_Task to carry out_: Print each line exactly, beginning with the one where "458 West Side Drive Iowa City IA 52246" appears and ending at the last line below.

_Records drawn from a dataset_:
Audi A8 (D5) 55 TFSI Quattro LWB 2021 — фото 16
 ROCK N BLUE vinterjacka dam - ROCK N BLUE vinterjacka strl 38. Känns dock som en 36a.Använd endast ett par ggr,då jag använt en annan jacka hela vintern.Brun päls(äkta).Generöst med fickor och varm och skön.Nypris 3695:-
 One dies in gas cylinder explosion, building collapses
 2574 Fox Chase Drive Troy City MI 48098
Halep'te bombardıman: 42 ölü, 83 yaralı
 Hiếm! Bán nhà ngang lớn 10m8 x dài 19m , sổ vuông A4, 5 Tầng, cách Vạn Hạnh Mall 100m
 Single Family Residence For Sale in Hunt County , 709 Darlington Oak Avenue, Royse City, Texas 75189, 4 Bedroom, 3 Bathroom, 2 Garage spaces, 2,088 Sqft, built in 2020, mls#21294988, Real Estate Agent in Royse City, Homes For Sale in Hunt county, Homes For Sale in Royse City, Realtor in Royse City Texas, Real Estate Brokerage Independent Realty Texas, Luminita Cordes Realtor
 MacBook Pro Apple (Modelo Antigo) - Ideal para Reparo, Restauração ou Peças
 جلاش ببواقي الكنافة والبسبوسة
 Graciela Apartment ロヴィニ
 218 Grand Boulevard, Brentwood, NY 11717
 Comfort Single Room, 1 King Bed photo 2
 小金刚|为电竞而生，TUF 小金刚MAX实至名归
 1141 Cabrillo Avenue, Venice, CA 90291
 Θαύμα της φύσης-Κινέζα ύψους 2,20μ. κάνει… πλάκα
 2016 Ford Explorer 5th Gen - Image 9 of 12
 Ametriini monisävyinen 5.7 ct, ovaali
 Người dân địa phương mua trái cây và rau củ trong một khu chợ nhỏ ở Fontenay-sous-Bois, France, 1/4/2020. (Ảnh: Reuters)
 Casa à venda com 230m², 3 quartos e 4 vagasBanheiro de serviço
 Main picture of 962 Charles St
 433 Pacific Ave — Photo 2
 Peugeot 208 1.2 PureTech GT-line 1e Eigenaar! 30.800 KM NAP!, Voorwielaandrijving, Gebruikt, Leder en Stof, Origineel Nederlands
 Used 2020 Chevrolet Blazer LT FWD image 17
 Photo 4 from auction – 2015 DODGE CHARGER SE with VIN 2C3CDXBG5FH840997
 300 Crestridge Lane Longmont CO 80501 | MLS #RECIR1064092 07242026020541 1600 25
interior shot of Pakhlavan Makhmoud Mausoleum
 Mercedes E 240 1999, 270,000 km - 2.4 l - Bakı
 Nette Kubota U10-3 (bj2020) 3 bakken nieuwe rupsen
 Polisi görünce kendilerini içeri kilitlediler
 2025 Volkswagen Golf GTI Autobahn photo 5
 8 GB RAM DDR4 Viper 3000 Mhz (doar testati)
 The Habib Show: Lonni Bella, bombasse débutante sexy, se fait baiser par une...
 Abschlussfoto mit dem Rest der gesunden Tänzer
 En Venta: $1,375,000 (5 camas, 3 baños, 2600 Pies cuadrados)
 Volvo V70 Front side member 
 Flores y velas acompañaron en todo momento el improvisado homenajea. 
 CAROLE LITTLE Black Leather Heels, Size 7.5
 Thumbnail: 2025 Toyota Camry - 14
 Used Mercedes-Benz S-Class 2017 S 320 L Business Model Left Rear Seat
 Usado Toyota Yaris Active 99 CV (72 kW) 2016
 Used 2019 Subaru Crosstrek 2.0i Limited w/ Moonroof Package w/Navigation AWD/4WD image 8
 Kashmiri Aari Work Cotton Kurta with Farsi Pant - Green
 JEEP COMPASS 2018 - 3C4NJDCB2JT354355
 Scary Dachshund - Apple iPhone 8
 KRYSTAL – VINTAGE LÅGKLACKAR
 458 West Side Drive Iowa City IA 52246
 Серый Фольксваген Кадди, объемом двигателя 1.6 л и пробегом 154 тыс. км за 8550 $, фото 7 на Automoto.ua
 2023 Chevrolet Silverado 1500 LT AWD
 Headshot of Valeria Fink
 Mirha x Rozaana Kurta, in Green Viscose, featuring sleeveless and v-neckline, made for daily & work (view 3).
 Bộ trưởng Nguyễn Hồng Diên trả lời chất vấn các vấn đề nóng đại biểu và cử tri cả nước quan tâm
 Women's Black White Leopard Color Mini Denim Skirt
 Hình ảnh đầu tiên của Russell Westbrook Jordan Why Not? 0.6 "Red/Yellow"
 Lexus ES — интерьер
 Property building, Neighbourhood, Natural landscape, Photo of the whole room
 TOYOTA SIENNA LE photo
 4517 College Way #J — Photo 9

_Answer for this exercise_:
 458 West Side Drive Iowa City IA 52246
 Серый Фольксваген Кадди, объемом двигателя 1.6 л и пробегом 154 тыс. км за 8550 $, фото 7 на Automoto.ua
 2023 Chevrolet Silverado 1500 LT AWD
 Headshot of Valeria Fink
 Mirha x Rozaana Kurta, in Green Viscose, featuring sleeveless and v-neckline, made for daily & work (view 3).
 Bộ trưởng Nguyễn Hồng Diên trả lời chất vấn các vấn đề nóng đại biểu và cử tri cả nước quan tâm
 Women's Black White Leopard Color Mini Denim Skirt
 Hình ảnh đầu tiên của Russell Westbrook Jordan Why Not? 0.6 "Red/Yellow"
 Lexus ES — интерьер
 Property building, Neighbourhood, Natural landscape, Photo of the whole room
 TOYOTA SIENNA LE photo
 4517 College Way #J — Photo 9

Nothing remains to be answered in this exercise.